For the opening of Speculum Artium 2011, a new media festival and a figurehead for the town’s rebirth, we dressed as miners and played a set across space and time. Mining was the main employment for many local people throughout the last century. All our noise was made of Trbovlje, in the form of field recordings, objects and resonances. Lisa and Marc sent out recordings of the local mine, Phil vocalised in the open chamber of the theatre, Aram fed the reverb of the building back to itself and I played a bag of coal. We told people we were mining the town for sound.
Yet, throughout the performance the loudest sound of all, for me alone, was the voice in my head, entirely foreign to Slovenian ears: “Do they think we’re taking the piss?”. We had the idea of dressing up and mining back in London, before we arrived. The plot thickened when we were told we could get miner’s outfits from the real mine itself. We also learned that Trbovlje has the highest suicide rate in Slovenia, in no small part due to the decline of the area’s industry. Furthermore the mines function was to fuel the town’s power station, a huge complex that billowed its smoke through the largest chimney in Europe, built high enough to transcend the valley, but not quite high to spare the heights of Mount Kum where we were staying for the week. It was a troubling mix, with us in the middle stirring it all up.
I asked a few people beforehand if it was OK. Would we be guilty of a massive misrepresentation? Would everyone laugh?

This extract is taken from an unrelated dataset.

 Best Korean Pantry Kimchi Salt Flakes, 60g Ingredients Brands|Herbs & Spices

Mining is a vocation, it’s not something you parachute into and claim victory. It’s an ancestral job, passed from father to son. It’s a job for the boys. Responses were generally positive, but wry, “Yes, yes, it’s fine.” Fine might of course mean, “Yes, yes, its fine, it will just reassert our view that Western Europe is full of ignorant, arrogant fools.” …which is fine too.

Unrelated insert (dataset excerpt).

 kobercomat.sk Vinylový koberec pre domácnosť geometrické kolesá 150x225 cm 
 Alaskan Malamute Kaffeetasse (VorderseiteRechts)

We played spatially, occupying positions across the hall, each with our own speaker: The performance starts in pitch-black, then one helmet light is lit and the first player begins. The audience gather around that player. Then, the second performer lights up and begins, behind the audience, so the audience move again, listening through space. This continues until all performers are lit, the beam from their lamps forming lines across the darkness. The audience is free to move between positions, listening and watching. The performance ends in reverse. Each performer switching off their lamp and returning to darkness, with the last to enter being the last to leave. I only remember myself throwing coal against coal, I could barely hear the other players. We weren’t making music after all; we were mining.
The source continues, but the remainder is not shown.